● Exercise:
Please output the section of the listing below that opens with the line containing "Small Oak Wardrobe" and closes with the line containing "Camiseta Grateful Dead", exactly and with nothing else.

● Extracted entries:

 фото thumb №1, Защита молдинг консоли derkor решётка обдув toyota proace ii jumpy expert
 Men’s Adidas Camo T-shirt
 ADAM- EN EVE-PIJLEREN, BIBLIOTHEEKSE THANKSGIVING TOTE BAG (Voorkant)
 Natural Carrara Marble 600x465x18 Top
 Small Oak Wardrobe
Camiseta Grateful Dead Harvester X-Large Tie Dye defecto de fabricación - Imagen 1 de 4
==
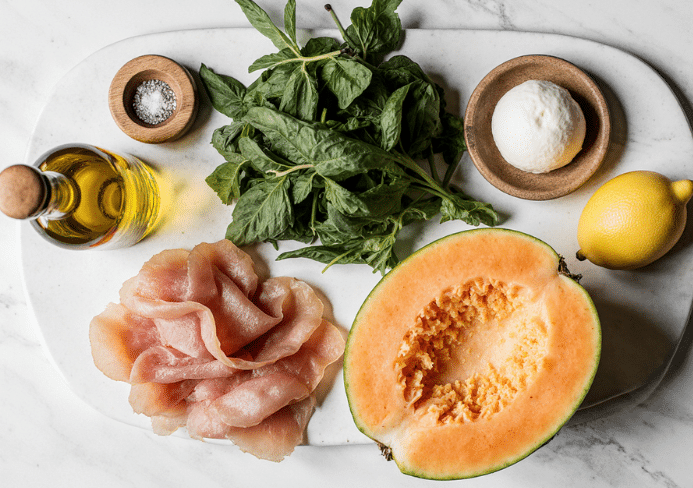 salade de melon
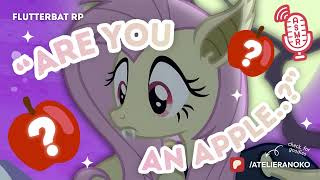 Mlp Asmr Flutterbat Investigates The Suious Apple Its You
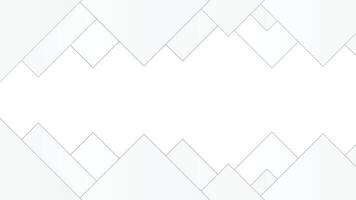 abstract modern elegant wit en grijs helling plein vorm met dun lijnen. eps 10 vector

● Response box:
 Small Oak Wardrobe
Camiseta Grateful Dead Harvester X-Large Tie Dye defecto de fabricación - Imagen 1 de 4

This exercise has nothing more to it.